▸ Your goal:
In the data below, find the line that contains "China Tsure Fashion" and the line that contains "J-Line cache-pot Summer". Copy both, plus every line between them, exactly.

─── Supplied data

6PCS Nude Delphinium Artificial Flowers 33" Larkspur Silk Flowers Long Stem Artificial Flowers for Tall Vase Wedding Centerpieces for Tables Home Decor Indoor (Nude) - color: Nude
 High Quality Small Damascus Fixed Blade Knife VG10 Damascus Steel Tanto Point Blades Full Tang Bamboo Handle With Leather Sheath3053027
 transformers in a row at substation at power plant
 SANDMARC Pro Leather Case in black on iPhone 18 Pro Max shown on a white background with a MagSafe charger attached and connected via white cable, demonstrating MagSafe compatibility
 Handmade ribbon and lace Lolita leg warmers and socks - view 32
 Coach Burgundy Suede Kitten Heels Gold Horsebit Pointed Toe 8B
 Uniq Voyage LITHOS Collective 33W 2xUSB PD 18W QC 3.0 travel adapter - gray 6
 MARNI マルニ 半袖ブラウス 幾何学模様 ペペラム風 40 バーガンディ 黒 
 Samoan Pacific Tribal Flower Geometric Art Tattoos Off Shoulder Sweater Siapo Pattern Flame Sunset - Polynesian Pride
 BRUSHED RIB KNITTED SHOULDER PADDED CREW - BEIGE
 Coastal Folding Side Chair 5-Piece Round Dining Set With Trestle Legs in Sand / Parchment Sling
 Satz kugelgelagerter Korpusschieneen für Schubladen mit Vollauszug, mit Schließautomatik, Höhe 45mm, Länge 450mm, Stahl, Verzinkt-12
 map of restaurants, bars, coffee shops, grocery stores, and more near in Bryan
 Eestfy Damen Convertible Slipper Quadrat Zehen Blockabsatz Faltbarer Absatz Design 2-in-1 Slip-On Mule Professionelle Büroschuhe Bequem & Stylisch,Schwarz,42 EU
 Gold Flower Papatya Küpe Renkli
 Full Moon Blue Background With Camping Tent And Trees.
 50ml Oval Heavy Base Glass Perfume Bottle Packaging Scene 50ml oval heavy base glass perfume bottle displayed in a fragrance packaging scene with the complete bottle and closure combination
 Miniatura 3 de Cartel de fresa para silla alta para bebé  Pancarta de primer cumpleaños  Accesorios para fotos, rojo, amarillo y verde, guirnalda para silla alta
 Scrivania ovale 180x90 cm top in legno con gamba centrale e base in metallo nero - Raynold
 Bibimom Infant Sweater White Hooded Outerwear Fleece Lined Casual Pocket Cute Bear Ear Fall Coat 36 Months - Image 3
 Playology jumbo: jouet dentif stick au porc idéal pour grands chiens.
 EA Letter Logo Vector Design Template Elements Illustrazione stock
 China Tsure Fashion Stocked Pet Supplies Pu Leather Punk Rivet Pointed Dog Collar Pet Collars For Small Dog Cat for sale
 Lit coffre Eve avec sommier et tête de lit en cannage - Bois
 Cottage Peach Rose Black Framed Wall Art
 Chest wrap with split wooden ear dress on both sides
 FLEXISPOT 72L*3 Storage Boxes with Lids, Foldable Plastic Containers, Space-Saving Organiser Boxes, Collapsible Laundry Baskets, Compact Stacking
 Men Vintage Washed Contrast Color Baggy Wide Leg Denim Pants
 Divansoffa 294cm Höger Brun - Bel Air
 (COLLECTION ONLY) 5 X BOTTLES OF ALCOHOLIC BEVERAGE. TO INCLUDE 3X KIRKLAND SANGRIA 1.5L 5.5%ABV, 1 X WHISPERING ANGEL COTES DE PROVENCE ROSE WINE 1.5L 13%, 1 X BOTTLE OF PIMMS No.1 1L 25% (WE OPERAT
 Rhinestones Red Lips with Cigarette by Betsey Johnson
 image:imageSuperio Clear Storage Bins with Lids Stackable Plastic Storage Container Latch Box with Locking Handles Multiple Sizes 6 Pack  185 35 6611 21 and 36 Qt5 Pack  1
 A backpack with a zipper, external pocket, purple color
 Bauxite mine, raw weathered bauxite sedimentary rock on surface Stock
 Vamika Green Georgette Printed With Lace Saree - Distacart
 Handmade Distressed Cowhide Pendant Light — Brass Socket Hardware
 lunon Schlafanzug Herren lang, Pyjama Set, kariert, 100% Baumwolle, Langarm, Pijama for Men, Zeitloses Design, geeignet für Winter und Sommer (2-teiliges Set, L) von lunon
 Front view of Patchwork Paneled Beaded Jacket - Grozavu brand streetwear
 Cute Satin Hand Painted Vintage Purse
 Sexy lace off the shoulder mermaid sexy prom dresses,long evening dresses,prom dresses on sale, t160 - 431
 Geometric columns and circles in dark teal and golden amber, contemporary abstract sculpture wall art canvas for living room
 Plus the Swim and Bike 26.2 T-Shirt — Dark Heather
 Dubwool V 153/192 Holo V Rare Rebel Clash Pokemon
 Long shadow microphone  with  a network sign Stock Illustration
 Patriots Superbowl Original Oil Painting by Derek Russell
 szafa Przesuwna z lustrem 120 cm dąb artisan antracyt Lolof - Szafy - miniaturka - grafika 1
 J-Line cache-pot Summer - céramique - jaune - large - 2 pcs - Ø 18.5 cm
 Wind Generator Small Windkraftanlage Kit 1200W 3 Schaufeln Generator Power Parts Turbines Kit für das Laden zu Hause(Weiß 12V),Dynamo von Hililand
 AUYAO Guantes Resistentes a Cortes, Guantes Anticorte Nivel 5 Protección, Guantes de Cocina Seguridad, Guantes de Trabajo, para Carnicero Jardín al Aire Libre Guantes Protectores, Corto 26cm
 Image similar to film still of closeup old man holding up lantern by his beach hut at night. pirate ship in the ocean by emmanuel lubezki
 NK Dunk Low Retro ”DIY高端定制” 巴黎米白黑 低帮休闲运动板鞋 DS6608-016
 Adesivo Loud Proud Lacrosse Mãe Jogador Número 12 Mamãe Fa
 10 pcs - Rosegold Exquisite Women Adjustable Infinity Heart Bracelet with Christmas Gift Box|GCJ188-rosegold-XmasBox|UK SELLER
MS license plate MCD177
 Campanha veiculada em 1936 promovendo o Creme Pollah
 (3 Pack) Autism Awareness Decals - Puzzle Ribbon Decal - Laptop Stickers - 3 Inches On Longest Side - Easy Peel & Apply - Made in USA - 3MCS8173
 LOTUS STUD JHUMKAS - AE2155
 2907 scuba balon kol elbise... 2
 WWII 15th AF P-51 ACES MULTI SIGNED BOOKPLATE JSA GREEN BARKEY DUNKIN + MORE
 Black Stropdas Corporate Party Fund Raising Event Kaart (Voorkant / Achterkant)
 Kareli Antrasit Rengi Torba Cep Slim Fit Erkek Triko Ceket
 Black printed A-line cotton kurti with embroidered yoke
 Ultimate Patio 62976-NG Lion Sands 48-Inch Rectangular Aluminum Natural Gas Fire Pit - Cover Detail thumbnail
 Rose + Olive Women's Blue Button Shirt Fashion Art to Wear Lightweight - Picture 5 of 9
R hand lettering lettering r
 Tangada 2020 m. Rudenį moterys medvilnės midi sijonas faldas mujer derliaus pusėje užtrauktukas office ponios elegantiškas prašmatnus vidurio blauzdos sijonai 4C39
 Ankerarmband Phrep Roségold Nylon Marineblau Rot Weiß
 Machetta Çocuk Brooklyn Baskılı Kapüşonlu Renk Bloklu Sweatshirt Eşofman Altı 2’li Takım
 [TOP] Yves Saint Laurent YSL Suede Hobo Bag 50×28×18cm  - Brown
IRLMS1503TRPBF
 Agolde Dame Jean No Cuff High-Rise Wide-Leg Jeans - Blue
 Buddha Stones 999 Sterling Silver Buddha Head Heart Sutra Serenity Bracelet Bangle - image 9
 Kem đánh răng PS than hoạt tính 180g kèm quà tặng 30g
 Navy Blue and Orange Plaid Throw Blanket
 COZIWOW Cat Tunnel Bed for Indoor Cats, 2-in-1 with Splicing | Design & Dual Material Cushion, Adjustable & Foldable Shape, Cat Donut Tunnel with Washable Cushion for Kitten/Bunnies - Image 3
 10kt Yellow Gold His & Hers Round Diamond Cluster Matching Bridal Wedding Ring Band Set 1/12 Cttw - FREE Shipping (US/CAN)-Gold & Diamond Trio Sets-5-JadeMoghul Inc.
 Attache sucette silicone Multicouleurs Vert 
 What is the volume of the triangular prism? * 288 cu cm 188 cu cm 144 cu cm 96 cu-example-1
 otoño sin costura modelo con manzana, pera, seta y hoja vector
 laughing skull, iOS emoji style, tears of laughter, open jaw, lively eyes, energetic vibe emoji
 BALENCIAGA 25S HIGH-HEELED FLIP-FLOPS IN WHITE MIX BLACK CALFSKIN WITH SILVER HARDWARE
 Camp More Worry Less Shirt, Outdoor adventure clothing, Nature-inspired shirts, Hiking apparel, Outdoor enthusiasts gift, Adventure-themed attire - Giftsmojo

──────

▸ Exercise response:
 China Tsure Fashion Stocked Pet Supplies Pu Leather Punk Rivet Pointed Dog Collar Pet Collars For Small Dog Cat for sale
 Lit coffre Eve avec sommier et tête de lit en cannage - Bois
 Cottage Peach Rose Black Framed Wall Art
 Chest wrap with split wooden ear dress on both sides
 FLEXISPOT 72L*3 Storage Boxes with Lids, Foldable Plastic Containers, Space-Saving Organiser Boxes, Collapsible Laundry Baskets, Compact Stacking
 Men Vintage Washed Contrast Color Baggy Wide Leg Denim Pants
 Divansoffa 294cm Höger Brun - Bel Air
 (COLLECTION ONLY) 5 X BOTTLES OF ALCOHOLIC BEVERAGE. TO INCLUDE 3X KIRKLAND SANGRIA 1.5L 5.5%ABV, 1 X WHISPERING ANGEL COTES DE PROVENCE ROSE WINE 1.5L 13%, 1 X BOTTLE OF PIMMS No.1 1L 25% (WE OPERAT
 Rhinestones Red Lips with Cigarette by Betsey Johnson
 image:imageSuperio Clear Storage Bins with Lids Stackable Plastic Storage Container Latch Box with Locking Handles Multiple Sizes 6 Pack  185 35 6611 21 and 36 Qt5 Pack  1
 A backpack with a zipper, external pocket, purple color
 Bauxite mine, raw weathered bauxite sedimentary rock on surface Stock
 Vamika Green Georgette Printed With Lace Saree - Distacart
 Handmade Distressed Cowhide Pendant Light — Brass Socket Hardware
 lunon Schlafanzug Herren lang, Pyjama Set, kariert, 100% Baumwolle, Langarm, Pijama for Men, Zeitloses Design, geeignet für Winter und Sommer (2-teiliges Set, L) von lunon
 Front view of Patchwork Paneled Beaded Jacket - Grozavu brand streetwear
 Cute Satin Hand Painted Vintage Purse
 Sexy lace off the shoulder mermaid sexy prom dresses,long evening dresses,prom dresses on sale, t160 - 431
 Geometric columns and circles in dark teal and golden amber, contemporary abstract sculpture wall art canvas for living room
 Plus the Swim and Bike 26.2 T-Shirt — Dark Heather
 Dubwool V 153/192 Holo V Rare Rebel Clash Pokemon
 Long shadow microphone  with  a network sign Stock Illustration
 Patriots Superbowl Original Oil Painting by Derek Russell
 szafa Przesuwna z lustrem 120 cm dąb artisan antracyt Lolof - Szafy - miniaturka - grafika 1
 J-Line cache-pot Summer - céramique - jaune - large - 2 pcs - Ø 18.5 cm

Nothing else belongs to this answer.